The Vanishing has one of horror's scariest outcomes
While most messed-up horror movie outcomes end in tragic yet overtly clear terms, the original 1988 version of The Vanishing isn't one of them in the least. Rex's girlfriend, Saskia, goes missing, and it becomes Rex's obsession to find out what happened to her. In a parallel story, we meet a psychopath named Raymond who's testing the boundaries of what evil he can get away with. When Rex's fixation with Saskia becomes news, Raymond approaches Rex and tells him he knows what happened to Saskia, but if he wants to know what, Rex must experience it himself. Against his better judgment, Rex agrees ... and wakes up buried alive.
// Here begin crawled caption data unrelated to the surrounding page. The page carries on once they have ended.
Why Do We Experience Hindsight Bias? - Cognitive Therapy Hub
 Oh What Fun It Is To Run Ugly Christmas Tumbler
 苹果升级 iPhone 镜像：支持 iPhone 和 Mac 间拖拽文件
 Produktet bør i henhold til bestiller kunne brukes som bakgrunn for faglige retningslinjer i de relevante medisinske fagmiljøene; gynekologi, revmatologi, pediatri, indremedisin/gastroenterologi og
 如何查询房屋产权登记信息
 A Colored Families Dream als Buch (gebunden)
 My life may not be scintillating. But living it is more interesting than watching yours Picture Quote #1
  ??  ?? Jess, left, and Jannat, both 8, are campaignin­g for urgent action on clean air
What's quietly horrifying about The Vanishing is the fact that we never definitively find out what happened to Saskia or if Raymond actually had anything to do with it. He's an unreliable figure whose words we can't trust on face value. We also don't know if Rex is actually left there to die or if Raymond might've had more in mind as he flexed his psychopathy. The horrible ambiguity of this ending is absolutely unforgettable, and Rex's is easily one of the worst horror movie fates aside from outright death.
Tusk gets really grotesque
In Kevin Smith's Tusk, Wallace is a shock jock podcaster with a popular show that openly mocks people whose videos go viral. After his upcoming interviewee kills himself thanks to the bullying Wallace and his bestie, Teddy, encourage on their show, Wallace decides to find someone new to interview. He sees a flyer for a local weirdo, Howard Howe, who gives folks free room and board to just chat with him. If it sounds too good to be true, it surely is.
Howe is a deeply traumatized man who kidnaps people and tries to turn them into a walrus named Mr. Tusk. Wallace manages to get a call out to Teddy, but by the time he and Wallace's girlfriend find him, Howe has already sewn him into a walrus suit that can't be undone. This grotesque story from Kevin Smith ends with Walrus Wallace living in a zoo, getting a yearly visit from his old friend and girlfriend. Tears stream down Wallace's face, indicating he's very much aware of his situation and is in all kinds of pain from surviving in this demented form.
Seven is full of horrible outcomes
As it's about a serial killer who murders people based off their perceived violations of the Seven Deadly Sins, David Fincher's Seven features some of the most gruesome death tableaus ever put to film. But none of that matches what the survivors will have to live with by the end of John Doe's rampage, when Detective Mills "becomes" Wrath and enmeshes his own story with the killer he was hunting. Not only does Mills lose his beloved wife and their unborn child to John Doe, he himself goes to jail for an extrajudicial killing. By the end of Seven, Mills is veritably catatonic with grief, and when it catches up with him, his world of pain would only be beginning.
Equally dreadful is John Doe's victim that he deems guilty of Sloth, who's kept barely alive and tied to a bed as his punishment for a plethora of crimes. The moment the living skeleton opens his mouth to breathe, later revealing he'd eaten his own tongue, is one few horror fans can forget. And as his eventual doctor says, "He's experienced about as much pain and suffering as anyone I've encountered ... give or take ... and he still has hell to look forward to."